Nuestra vida tiene dos facetas, así como el día tiene luz del día, y tiene luz de la noche, nuestro ser es igual, tenemos felicidad, y tristeza…en momentos separados…eso nos enseña que estamos vivos.

Cuando alguien no tiene sentimientos…esta muerto en vida, hay momentos que nunca queremos olvidar, y momentos que deseamos olvidar para siempre y jamás recordarlos o traerlos a la memoria, como aquel día cuando me dijeron que mi esposa me había dejado, o cuando falleció alguien en mi familia, o cuando mi mejor amigo se fue a la presencia de Dios.

Cuando todo va bien en mi vida, es cuando debo de agradecerle a Dios por lo que me permite ver, sentir, y por darme lo que necesito…en esos momentos de “todo me va de lo mejor” es cuando me olvido completamente de Dios, cuando “todo me sale bien” es cuando digo “no necesito de Dios” es allí donde debo agradecerle y decirle “muchas gracias Señor por todo lo que me has dado”

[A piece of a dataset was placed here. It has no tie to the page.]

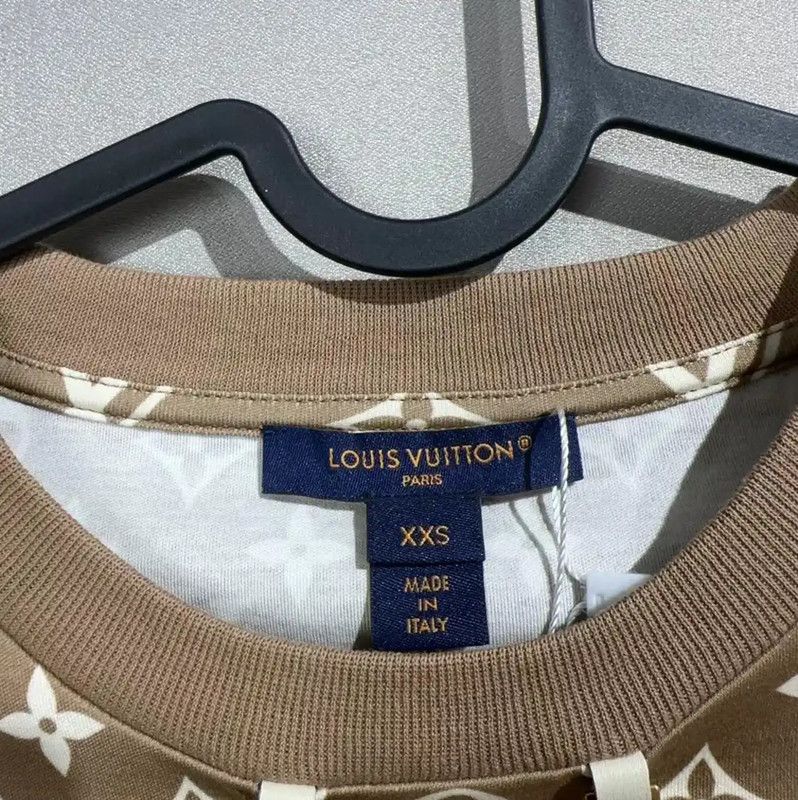 Louis Vuitton Louis Vuitton Brown Cotton Blend T-Shirt 0089 Size XXS / US 00 / IT 34 - 4 Thumbnail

“Del hombre son las disposiciones del corazón; Mas de Jehová es la respuesta de la lengua” Proverbios 16:1, en estos instantes de tristeza…necesito de Dios…en esos momentos de desesperación busco la ayuda de Dios, es esos momentos de enfermedad…es cuando me es urgente la mano de Dios… ¿es acaso Dios mi salvavidas?

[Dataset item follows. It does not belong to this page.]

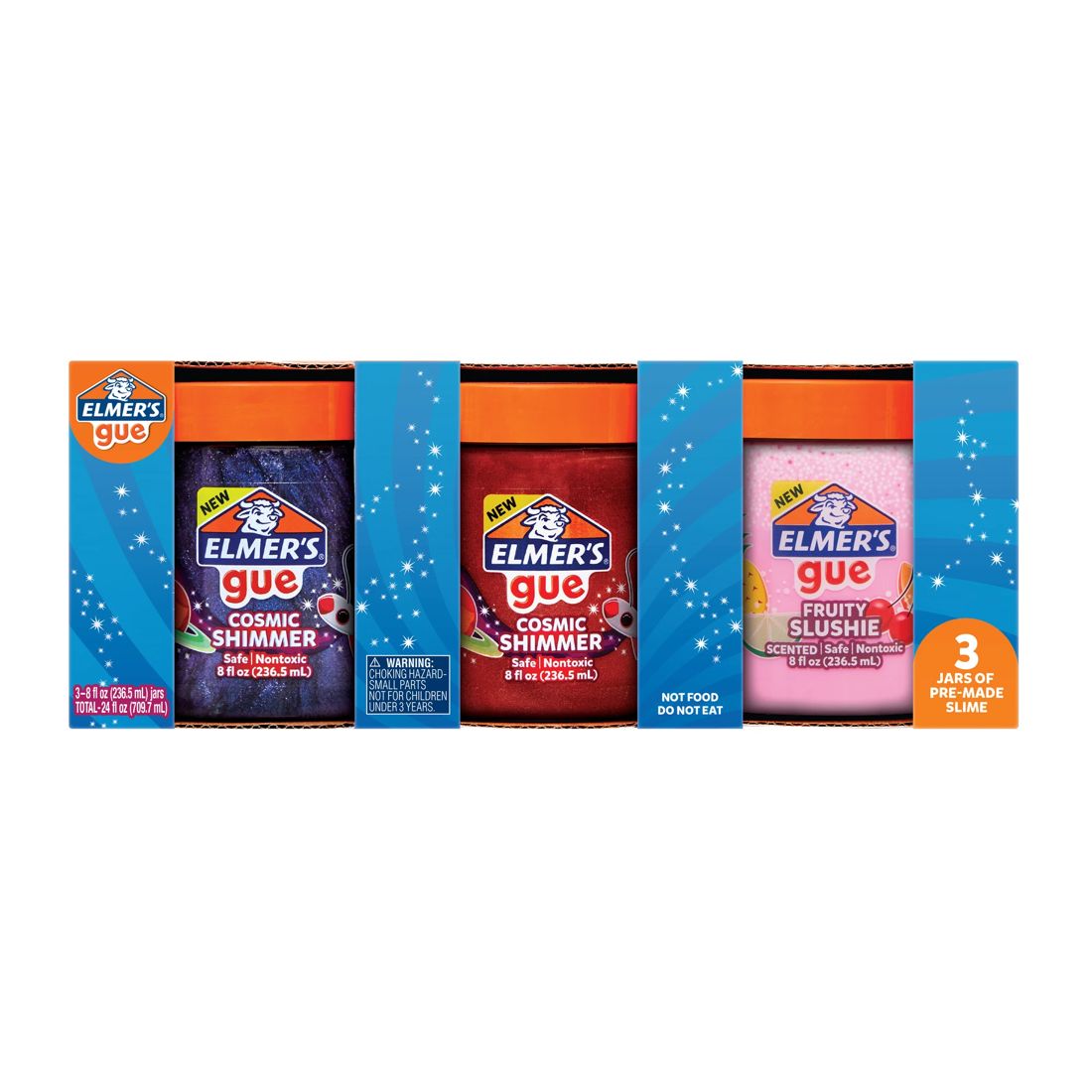 Elmer’s Gue Premade Slime Gue Variety Kit 3Pack Target Australia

Todos tenemos a Dios como “salvavidas”… ese salvavidas lo tenemos a nuestro lado las 24 horas, los 365 días del año…pero únicamente lo buscamos cuando nos va mal… busquemos a Dios todos los días, Dios no es salvavidas… Dios esta a tu lado en esos momentos de desolación y de necesidad.

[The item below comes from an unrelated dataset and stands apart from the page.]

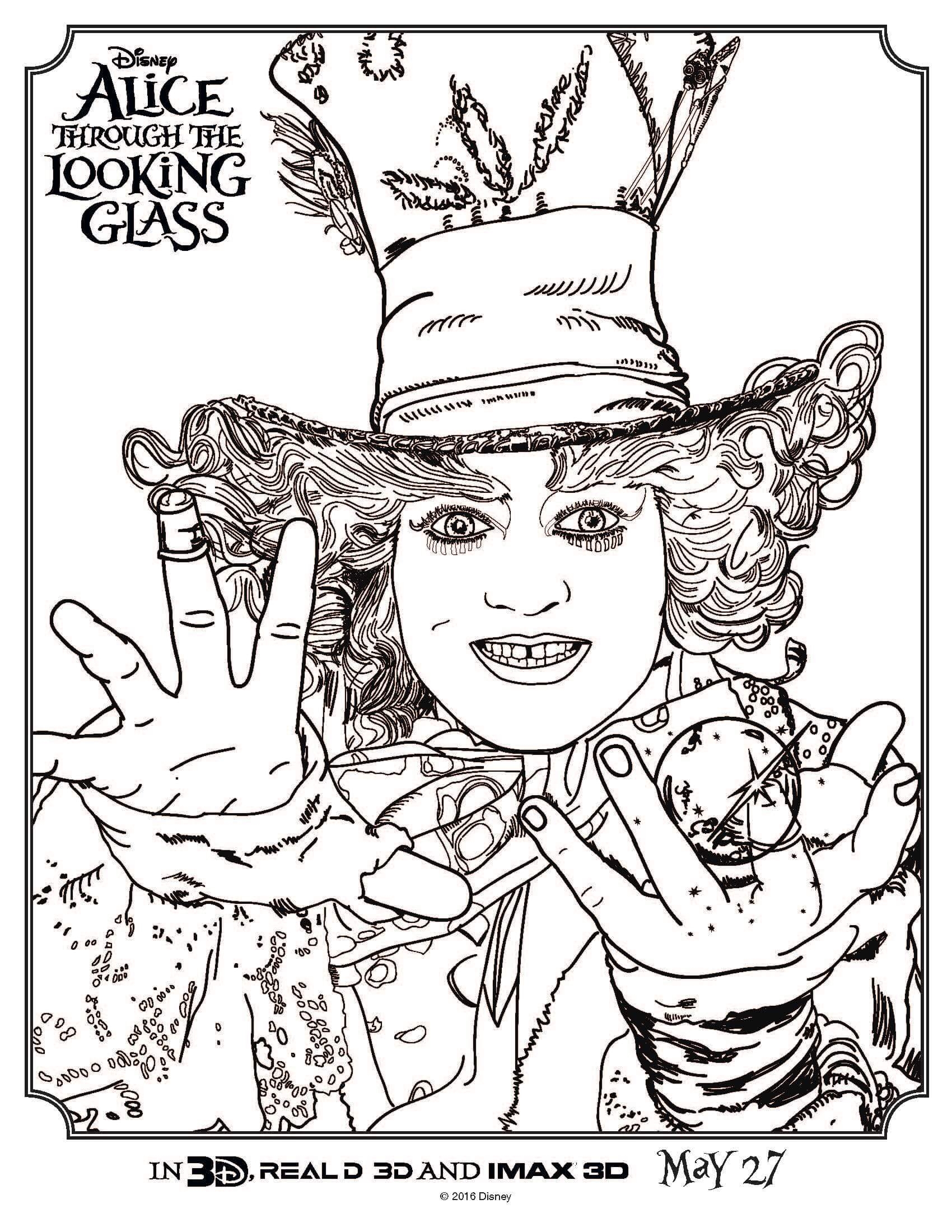 1700x2200 Finest Alice In Wonderland Coloring Pages From Alice In Wonderland
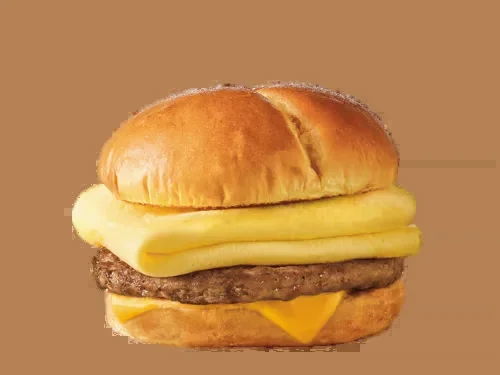 Sausage Egg and Cheese Brioche Breakfast Sandwich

“cuando todo va bien, es cuando debemos de acudir a nuestro Señor y Salvador, Dios es y debe ser el primer lugar en todo lo que hagamos, así cuando vengan tiempos de angustia sabemos que Dios estará allí para socorrernos y sacarnos de los problemas que nos vengan”

En los problemas…es cuando quieres ver la mano de Dios, pero porque no verla también “cuando te va bien”… la puedes  ver en esos momentos de felicidad, si tan solamente abres tus ojos para ver lo que Dios te ha dado, solo necesitas creer y tener fe a Aquel que murió por ti, para poder ver lo que te ha puesto en tus manos, en tu corazón, hay esperanza si puedes creer y lo puedes ver, pero ver con fe en Dios; y digas en tu corazón y en tu mente, “muchas gracias Dios por todo lo que me has dado, gracias por todo lo que no me has dado” Solo démosle gracias a Dios por todo lo que nos da cuando nos va bien y cuando nos va mal. Dios sabe muy bien lo que hace.